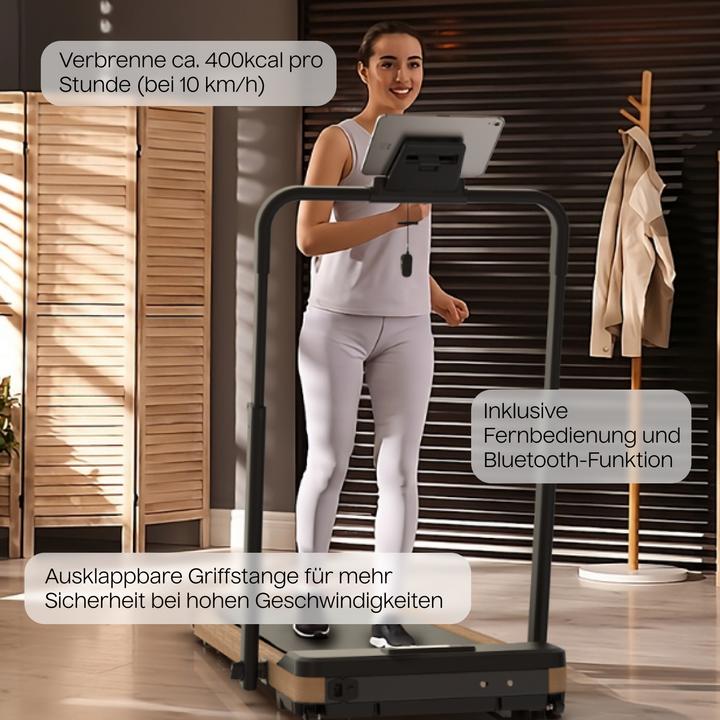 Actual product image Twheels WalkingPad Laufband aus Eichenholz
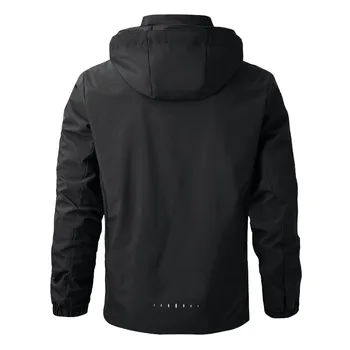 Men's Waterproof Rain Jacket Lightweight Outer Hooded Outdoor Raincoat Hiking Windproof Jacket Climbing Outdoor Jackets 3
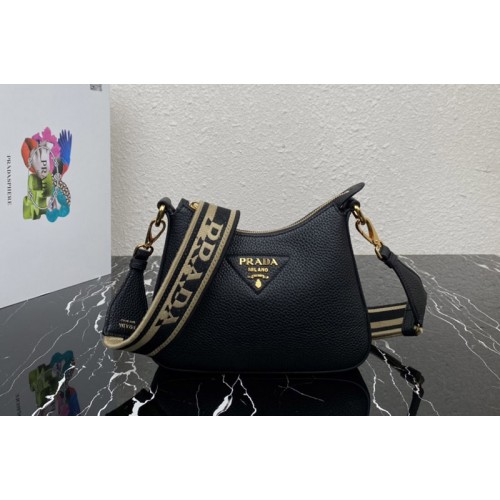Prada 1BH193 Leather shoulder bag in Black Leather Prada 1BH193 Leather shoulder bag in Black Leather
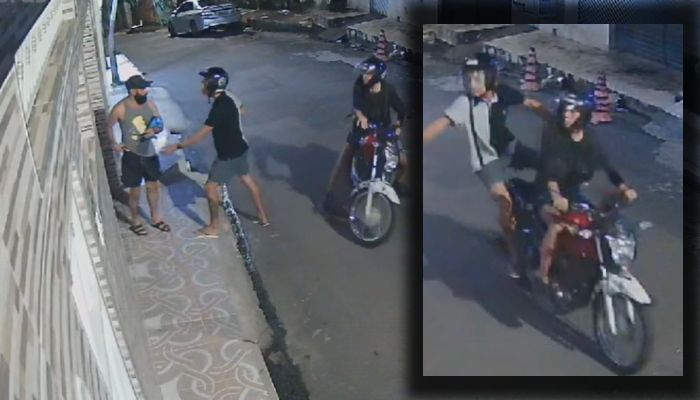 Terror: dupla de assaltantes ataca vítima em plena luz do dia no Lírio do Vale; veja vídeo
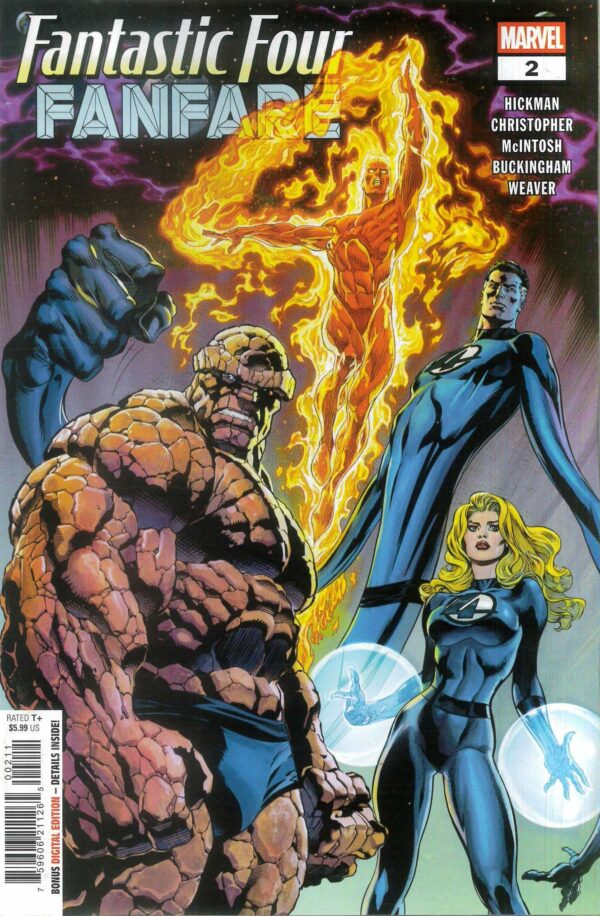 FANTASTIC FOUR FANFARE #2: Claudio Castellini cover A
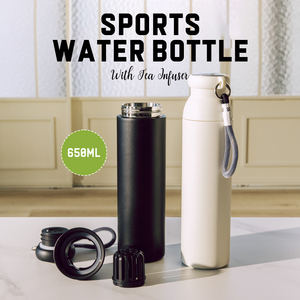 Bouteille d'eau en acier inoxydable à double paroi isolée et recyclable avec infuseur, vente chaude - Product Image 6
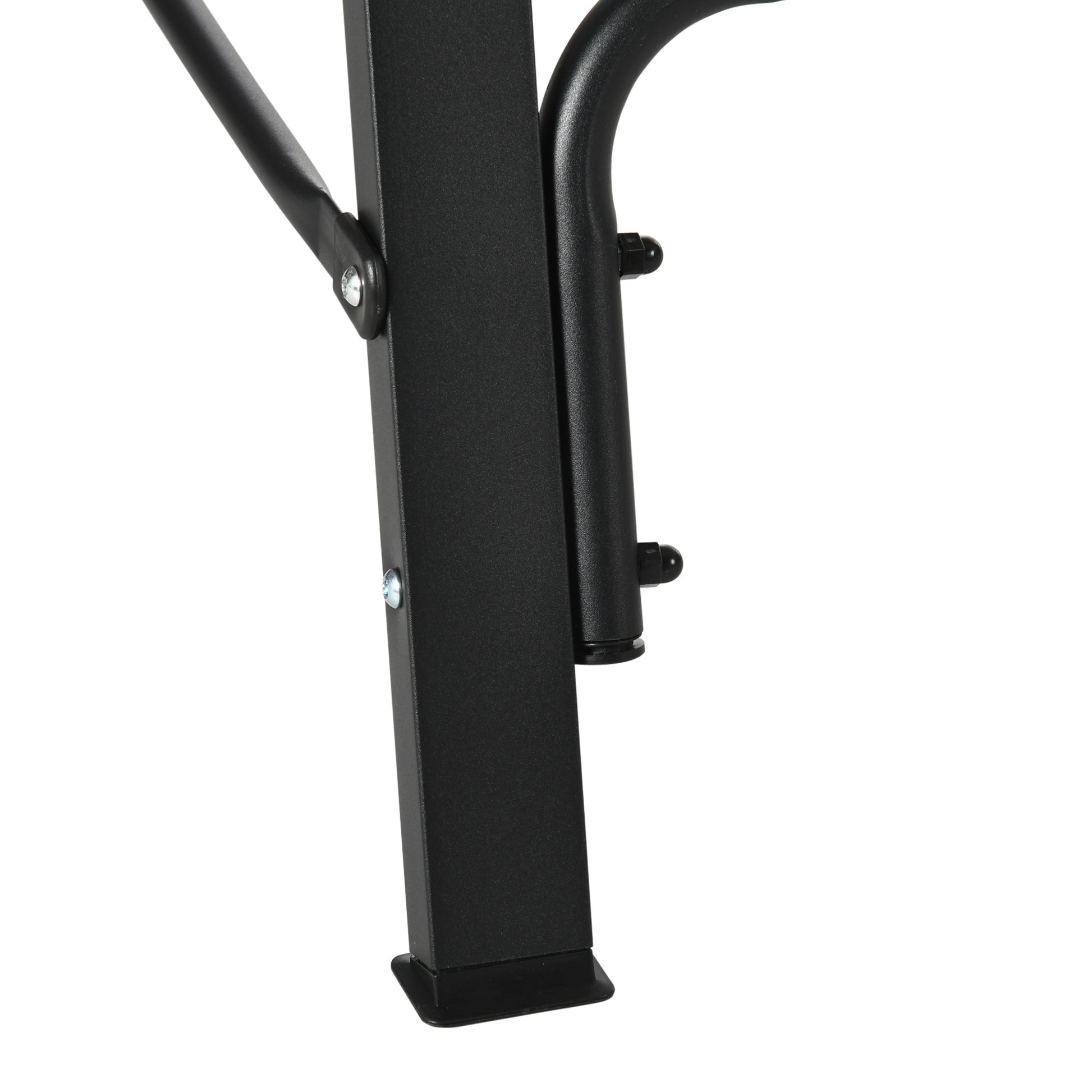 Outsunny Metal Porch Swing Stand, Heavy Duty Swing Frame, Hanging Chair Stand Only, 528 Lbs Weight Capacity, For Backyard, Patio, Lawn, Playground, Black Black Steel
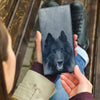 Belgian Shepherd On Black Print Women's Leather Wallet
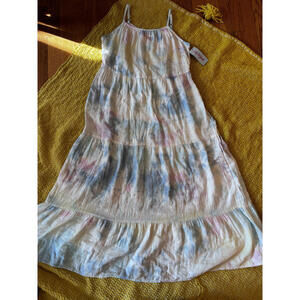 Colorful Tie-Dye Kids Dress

◆ HOW TO COMPLETE THIS TASK ◆
Give again, word for word, the line containing "Men's Waterproof Rain" and every line after it to the end of the records; leave out the pictures.

◆ EXERCISE RESULT ◆
 Men's Waterproof Rain Jacket Lightweight Outer Hooded Outdoor Raincoat Hiking Windproof Jacket Climbing Outdoor Jackets 3
Prada 1BH193 Leather shoulder bag in Black Leather Prada 1BH193 Leather shoulder bag in Black Leather
 Terror: dupla de assaltantes ataca vítima em plena luz do dia no Lírio do Vale; veja vídeo
 FANTASTIC FOUR FANFARE #2: Claudio Castellini cover A
 Bouteille d'eau en acier inoxydable à double paroi isolée et recyclable avec infuseur, vente chaude - Product Image 6
 Outsunny Metal Porch Swing Stand, Heavy Duty Swing Frame, Hanging Chair Stand Only, 528 Lbs Weight Capacity, For Backyard, Patio, Lawn, Playground, Black Black Steel
 Belgian Shepherd On Black Print Women's Leather Wallet
 Colorful Tie-Dye Kids Dress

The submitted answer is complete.